The second half of the Mighty Fine Shindig Post!
We awoke Sunday morning to find that our tents had not only survived the night, but that the rain had stopped! Those of us that slept in the house (because I arrived early, I was able to claim one of the huge leather couches. So comfy!) We had another bountiful breakfast of Living Legend Eggs, and we shared mutual horror over the concept of Lox cream cheese.

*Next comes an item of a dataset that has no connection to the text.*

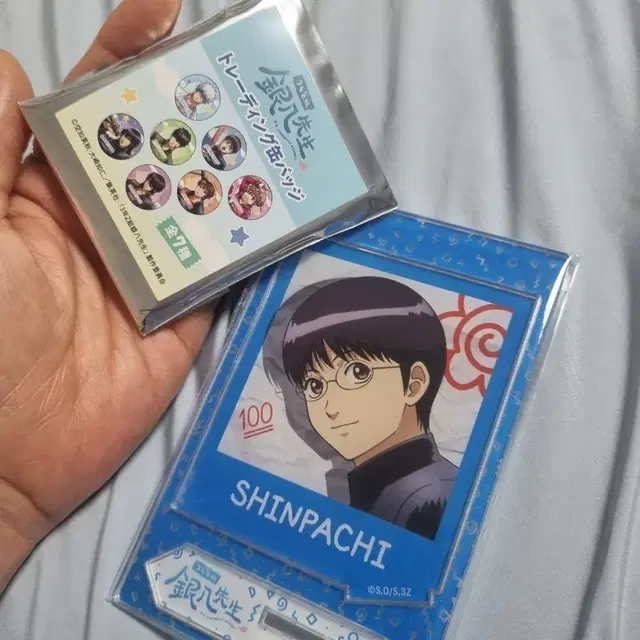 긴파치 삼젯 신파치 아크릴 스탠드 + 뱃지 세트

In the trivia bee, I improved significantly from last year. Last year, I was knocked out in the first round. My question was “What does Shepherd Book say about spices?” I couldn’t remember the quote exactly, though I now know that it’s “A man can live on packaged food from now ’til Judgement Day if he has enough rosemary” (or marjoram in the shooting script). This year, I made top five in both rounds! In the first, I and two of my fellow top-fivers were knocked out with “What job has a ‘prodigious death rate’.” The answer was “terraforming crews” (Shindig). In the second, Kristin gave me a question that she said she wouldn’t have given anyone else: “What is the name of the unfilmed ’15th Episode’.” I knew it was three words long, the middle word was “or”, and the other two were opposites, but I couldn’t remember the title. I guessed “Live or Die”, and I was disgusted with myself when Kristin revealed it was “Dead or Alive.” Ah well!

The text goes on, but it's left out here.